Hoy en día, el dolor que rodea su muerte probablemente persiste sólo dentro de su familia y en un pequeño círculo de personas íntimas. Para todos los demás, ha sido desplazada por la rutina diaria: por la inflación, la inseguridad y las demandas paralizantes de la vida en un mundo duramente transaccional que constantemente priva a las personas del lujo de las emociones sostenidas.

También hay una verdad más dura. La muerte de Abu Sayeed, en todos los sentidos sombríamente prácticos, logró un cierre. Su martirio desató el levantamiento masivo que finalmente derrocó el régimen dictatorial de Hasina, que había gobernado durante más de una década y media mediante la fuerza y ​​el despojo sistemático de su capacidad política y humana. El sacrificio de Sayeed tuvo un propósito utilitario. La historia se movió. Su capítulo, por trágico que sea, está completo.

La muerte de Hadi no lo es.

Más de un mes después de su muerte, su martirio sigue inconcluso, sin resolver, y es precisamente por eso que la respuesta pública ha sido tan ferviente y tan emocionalmente inagotable. Los honores conferidos a él, la intensidad del duelo y el dolor casi no procesado apuntan a algo más profundo que el papel catalizador de otro héroe caído. Para entenderlo, primero hay que entender lo que hoy se podría llamar el “efecto Hadi”.

La gente reacciona mientras asiste a la oración fúnebre de Sharif Osman Hadi, un líder estudiantil, que murió después de recibir un disparo en la cabeza, en la avenida Manik Mia, en Dhaka, Bangladesh, el 20 de diciembre de 2025. REUTERS/Stringer
La gente reacciona mientras asiste a la oración fúnebre de Sharif Osman Hadi, un líder estudiantil que murió tras recibir un disparo en la cabeza, en la avenida Manik Mia, en Dhaka, Bangladesh, el 20 de diciembre de 2025 (Stringer/Reuters)

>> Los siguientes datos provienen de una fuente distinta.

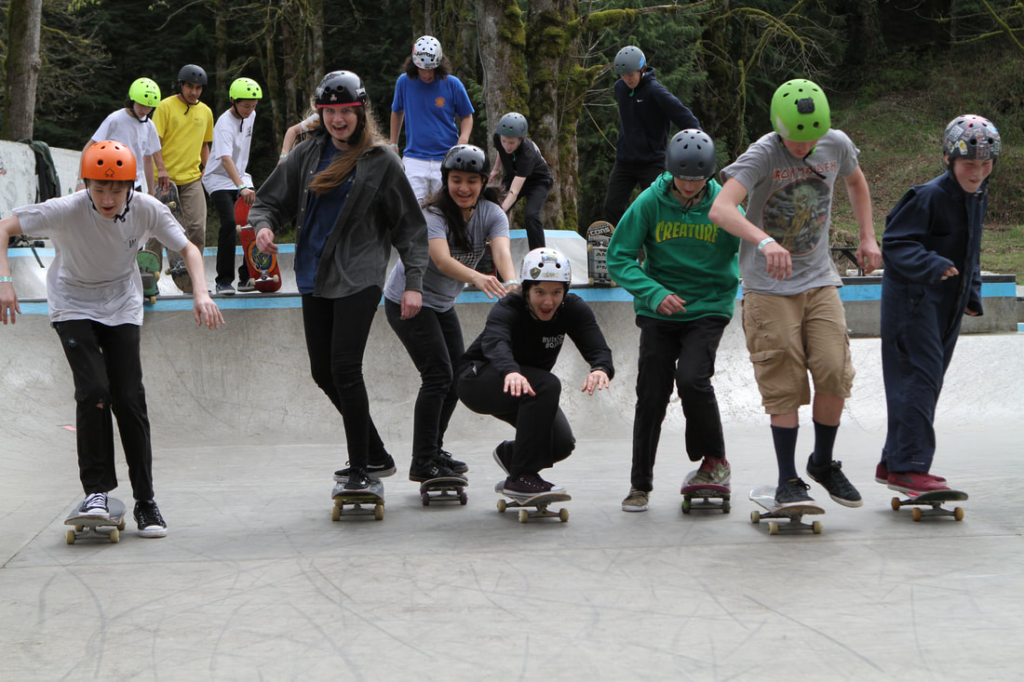 a group of students skateboarding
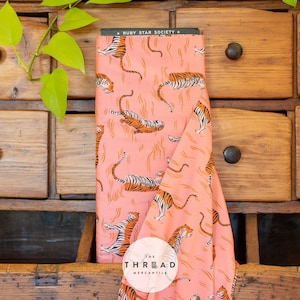 May include: A roll of pink fabric with a repeating pattern of orange and black tigers. The fabric is labeled "Ruby Star Society" and "The Thread Mercantile". The fabric is displayed on a wooden dresser.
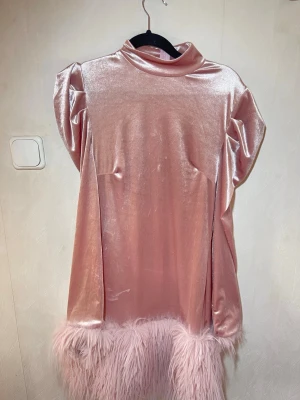 Rosa sammetsklänning med fuskpäls - Unik rosa kortklänning i glansigt sammetstyg med höga axelvaddar och mjuk fuskpälsdetalj längst ner. Klänningen har en hög krage och puffiga axlar som ger en cool retrovibe. Perfekt för dig som vill sticka ut!  Fint skick, inga skavanker. Weekday, storlek S. Djur, rök och parfymfritt hem.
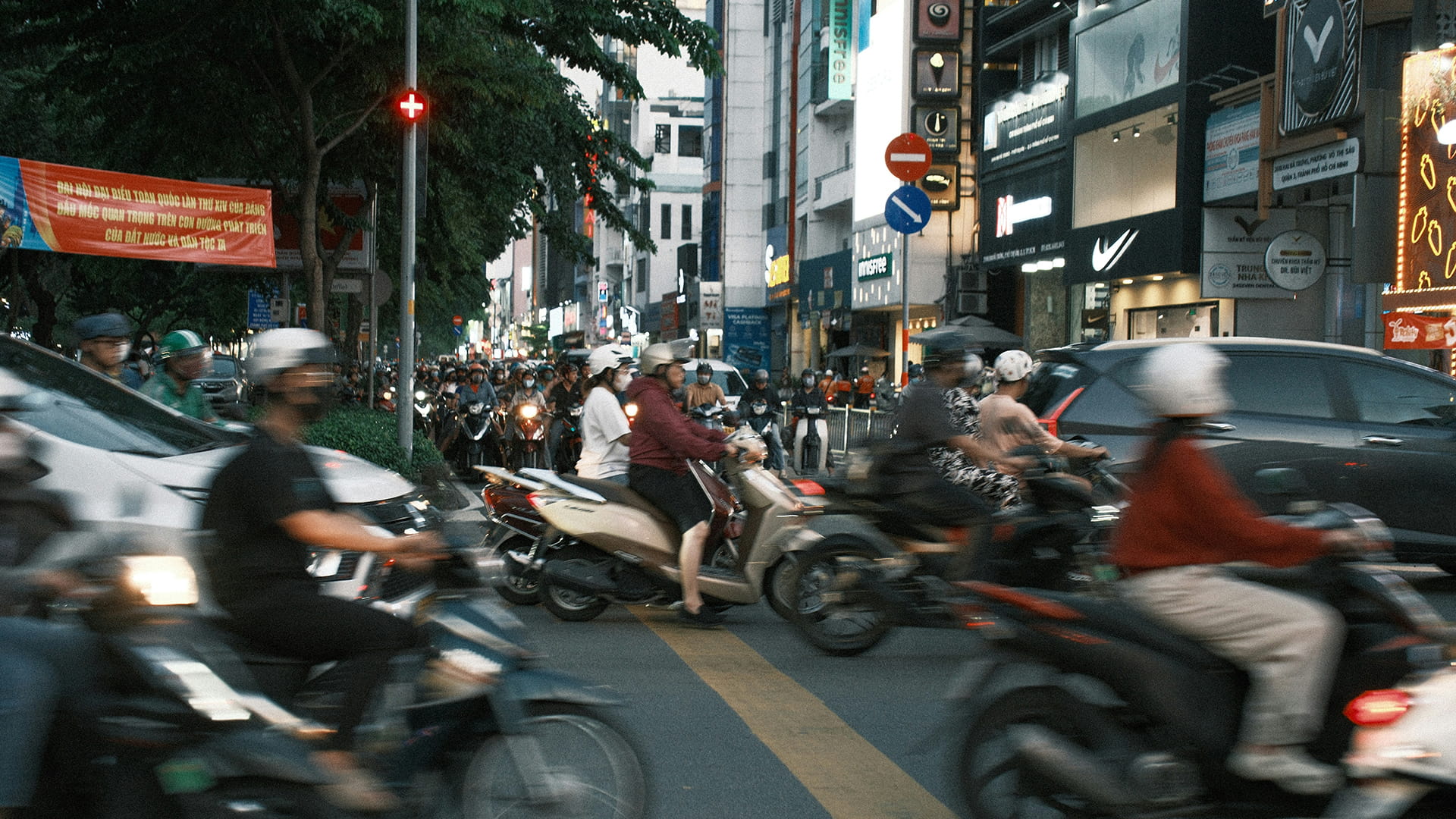 Photo shows motorbike riders on a busy road in Hanoi, Vietnam.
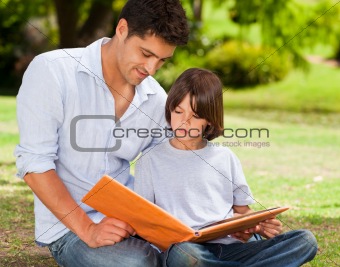 Son with his father looking at their album photo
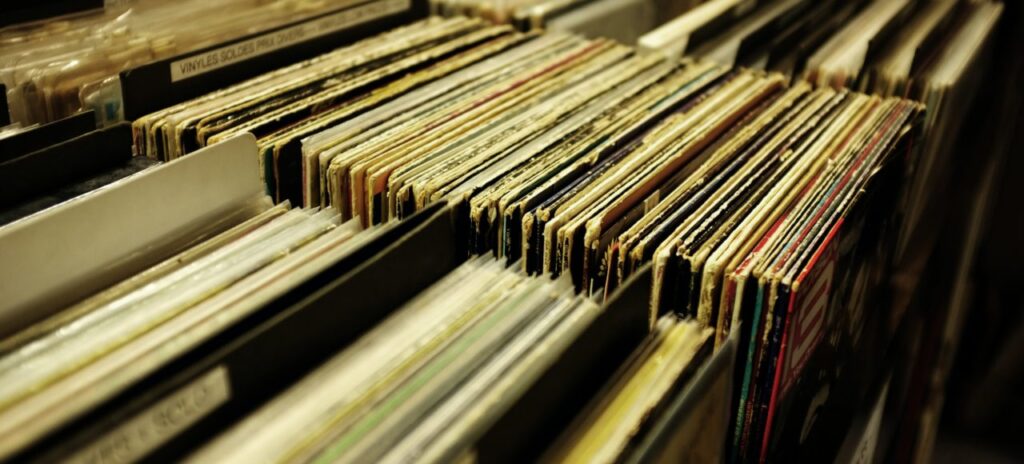 Rows of vintage vinyl records in sleeves.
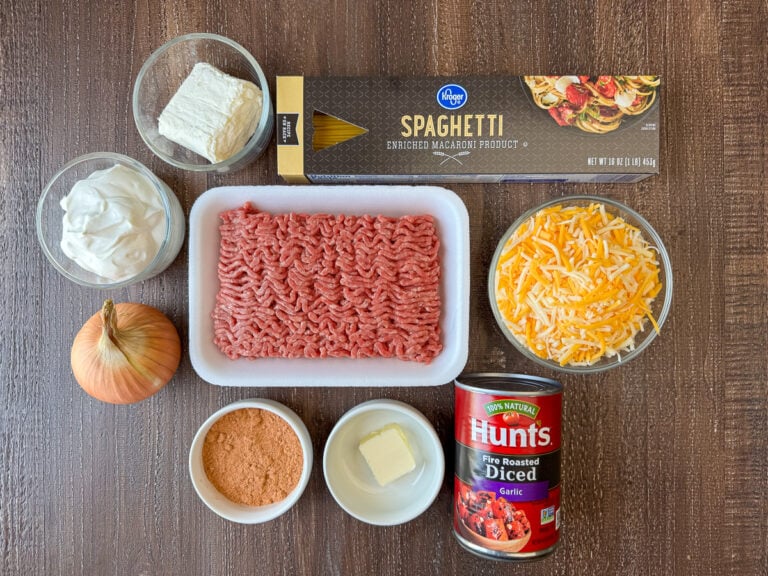 Ingredients to make taco spaghetti are sour cream, cream cheese, spaghetti, Mexican cheese, ground beef, diced tomatoes, butter, taco seasoning and an onion on a wooden counter top.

Hadi entró en la conciencia pública a través de clips de redes sociales y programas de entrevistas televisivos, en los que participaba en enfrentamientos virales con algunos incondicionales sociales y políticos conocidos. Era físicamente modesto: bajo, con el pelo y la barba despeinados, pero de mirada aguda. Su poder residía en el lenguaje. Habló en un bengalí absolutamente plebeyo, teñido con las cadencias rurales del sur de Bangladesh, muy alejado de la dicción pulida y patricia de la élite urbana de Dhaka. Era una voz que a millones de personas les resultaba familiar, incluso íntima.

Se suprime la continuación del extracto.